Short text fragments from websites:

■ ■ ■ ■ ■ ■ ■

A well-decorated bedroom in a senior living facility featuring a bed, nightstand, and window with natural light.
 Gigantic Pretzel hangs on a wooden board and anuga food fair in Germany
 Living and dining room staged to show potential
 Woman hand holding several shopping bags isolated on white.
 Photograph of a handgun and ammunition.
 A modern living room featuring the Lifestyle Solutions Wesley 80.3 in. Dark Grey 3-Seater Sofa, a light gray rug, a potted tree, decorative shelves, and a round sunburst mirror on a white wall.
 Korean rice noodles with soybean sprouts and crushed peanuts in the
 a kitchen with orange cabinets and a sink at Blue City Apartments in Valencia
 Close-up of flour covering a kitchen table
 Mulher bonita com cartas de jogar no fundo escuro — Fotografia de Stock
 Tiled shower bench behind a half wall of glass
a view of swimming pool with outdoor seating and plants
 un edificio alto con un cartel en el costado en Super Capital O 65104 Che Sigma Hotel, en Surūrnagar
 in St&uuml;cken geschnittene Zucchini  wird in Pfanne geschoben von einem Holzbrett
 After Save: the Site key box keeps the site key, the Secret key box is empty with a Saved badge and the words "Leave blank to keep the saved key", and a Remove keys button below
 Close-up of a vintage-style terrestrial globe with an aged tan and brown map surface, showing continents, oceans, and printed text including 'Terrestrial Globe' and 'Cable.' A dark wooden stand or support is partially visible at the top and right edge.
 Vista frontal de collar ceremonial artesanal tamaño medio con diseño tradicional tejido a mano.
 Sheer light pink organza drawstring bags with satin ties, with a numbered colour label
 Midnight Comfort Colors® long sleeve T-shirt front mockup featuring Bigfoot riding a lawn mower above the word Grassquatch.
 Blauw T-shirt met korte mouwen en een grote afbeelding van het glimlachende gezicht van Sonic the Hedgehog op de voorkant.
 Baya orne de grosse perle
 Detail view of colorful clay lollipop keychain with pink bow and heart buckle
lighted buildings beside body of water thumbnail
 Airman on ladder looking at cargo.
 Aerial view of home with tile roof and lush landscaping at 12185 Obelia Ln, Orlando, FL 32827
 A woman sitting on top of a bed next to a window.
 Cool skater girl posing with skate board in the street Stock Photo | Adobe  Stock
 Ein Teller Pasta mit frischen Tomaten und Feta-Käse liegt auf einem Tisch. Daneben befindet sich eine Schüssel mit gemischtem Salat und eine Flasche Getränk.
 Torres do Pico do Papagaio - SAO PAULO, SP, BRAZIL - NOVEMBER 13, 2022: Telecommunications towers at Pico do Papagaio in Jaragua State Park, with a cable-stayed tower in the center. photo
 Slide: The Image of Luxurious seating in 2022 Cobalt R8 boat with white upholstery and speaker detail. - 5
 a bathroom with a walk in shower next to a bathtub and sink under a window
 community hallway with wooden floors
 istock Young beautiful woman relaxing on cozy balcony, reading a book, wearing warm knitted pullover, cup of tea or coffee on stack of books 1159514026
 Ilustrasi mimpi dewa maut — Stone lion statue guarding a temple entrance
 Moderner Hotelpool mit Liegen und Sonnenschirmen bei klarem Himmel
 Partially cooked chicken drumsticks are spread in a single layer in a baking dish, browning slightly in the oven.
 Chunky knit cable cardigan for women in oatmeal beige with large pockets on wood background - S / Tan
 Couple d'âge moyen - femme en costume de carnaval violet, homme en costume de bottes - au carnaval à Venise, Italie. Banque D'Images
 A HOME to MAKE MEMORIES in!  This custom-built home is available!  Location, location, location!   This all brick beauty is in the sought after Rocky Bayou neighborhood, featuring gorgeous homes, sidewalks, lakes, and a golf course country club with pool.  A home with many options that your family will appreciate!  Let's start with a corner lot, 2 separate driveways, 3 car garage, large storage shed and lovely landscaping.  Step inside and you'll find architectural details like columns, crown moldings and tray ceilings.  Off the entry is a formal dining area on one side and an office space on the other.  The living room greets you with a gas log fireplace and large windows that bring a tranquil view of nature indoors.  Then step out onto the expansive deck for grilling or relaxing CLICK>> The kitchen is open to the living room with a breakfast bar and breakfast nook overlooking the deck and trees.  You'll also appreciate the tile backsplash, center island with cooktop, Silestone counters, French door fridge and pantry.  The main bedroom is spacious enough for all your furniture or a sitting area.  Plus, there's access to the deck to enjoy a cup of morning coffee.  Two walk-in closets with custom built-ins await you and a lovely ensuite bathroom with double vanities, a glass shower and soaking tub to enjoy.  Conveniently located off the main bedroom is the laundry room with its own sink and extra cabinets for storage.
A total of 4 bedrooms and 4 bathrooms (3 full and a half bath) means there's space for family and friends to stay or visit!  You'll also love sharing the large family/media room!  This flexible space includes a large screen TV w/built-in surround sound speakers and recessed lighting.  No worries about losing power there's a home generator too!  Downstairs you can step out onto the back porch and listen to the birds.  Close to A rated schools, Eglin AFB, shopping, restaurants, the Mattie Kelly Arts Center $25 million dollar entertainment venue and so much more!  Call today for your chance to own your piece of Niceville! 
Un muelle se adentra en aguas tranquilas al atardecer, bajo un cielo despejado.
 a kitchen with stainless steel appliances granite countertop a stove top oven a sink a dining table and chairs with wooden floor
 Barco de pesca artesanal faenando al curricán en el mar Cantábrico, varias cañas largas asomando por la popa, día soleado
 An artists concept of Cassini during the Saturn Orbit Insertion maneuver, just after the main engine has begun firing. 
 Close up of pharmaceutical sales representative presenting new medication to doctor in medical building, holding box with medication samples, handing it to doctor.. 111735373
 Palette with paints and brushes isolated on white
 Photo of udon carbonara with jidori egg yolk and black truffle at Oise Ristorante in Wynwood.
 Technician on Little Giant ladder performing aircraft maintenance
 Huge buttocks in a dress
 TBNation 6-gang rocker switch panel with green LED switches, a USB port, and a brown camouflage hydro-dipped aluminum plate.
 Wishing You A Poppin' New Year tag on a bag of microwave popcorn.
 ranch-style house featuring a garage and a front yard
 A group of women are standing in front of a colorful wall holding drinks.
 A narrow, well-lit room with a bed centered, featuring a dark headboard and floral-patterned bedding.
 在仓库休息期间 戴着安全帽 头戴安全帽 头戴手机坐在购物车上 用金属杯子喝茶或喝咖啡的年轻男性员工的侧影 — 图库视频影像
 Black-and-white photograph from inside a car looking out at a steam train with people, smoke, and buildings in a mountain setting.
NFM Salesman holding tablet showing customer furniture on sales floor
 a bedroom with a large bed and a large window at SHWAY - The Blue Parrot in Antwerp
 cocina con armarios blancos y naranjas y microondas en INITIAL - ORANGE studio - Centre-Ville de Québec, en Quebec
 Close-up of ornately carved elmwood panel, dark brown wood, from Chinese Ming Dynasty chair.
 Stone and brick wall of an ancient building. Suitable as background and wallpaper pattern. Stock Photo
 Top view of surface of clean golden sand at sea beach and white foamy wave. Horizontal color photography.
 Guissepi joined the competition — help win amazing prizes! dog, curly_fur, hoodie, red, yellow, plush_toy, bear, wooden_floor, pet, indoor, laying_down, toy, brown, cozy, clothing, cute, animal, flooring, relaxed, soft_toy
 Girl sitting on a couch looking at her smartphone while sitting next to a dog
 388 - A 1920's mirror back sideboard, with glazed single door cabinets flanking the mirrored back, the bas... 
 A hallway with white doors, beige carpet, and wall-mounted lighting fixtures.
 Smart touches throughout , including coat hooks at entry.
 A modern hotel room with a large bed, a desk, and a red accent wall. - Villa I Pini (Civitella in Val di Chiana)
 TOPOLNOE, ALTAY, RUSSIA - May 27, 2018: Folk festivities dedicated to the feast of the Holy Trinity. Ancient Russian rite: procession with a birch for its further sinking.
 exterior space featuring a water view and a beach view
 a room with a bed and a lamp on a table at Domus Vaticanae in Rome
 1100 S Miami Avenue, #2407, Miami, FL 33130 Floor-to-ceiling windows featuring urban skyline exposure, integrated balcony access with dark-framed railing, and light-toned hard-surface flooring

■ ■ ■ ■ ■ ■ ■

Goal of the exercise: Please return each line of the data above in which the word "beach" occurs.

Answer below:
 Top view of surface of clean golden sand at sea beach and white foamy wave. Horizontal color photography.
 exterior space featuring a water view and a beach view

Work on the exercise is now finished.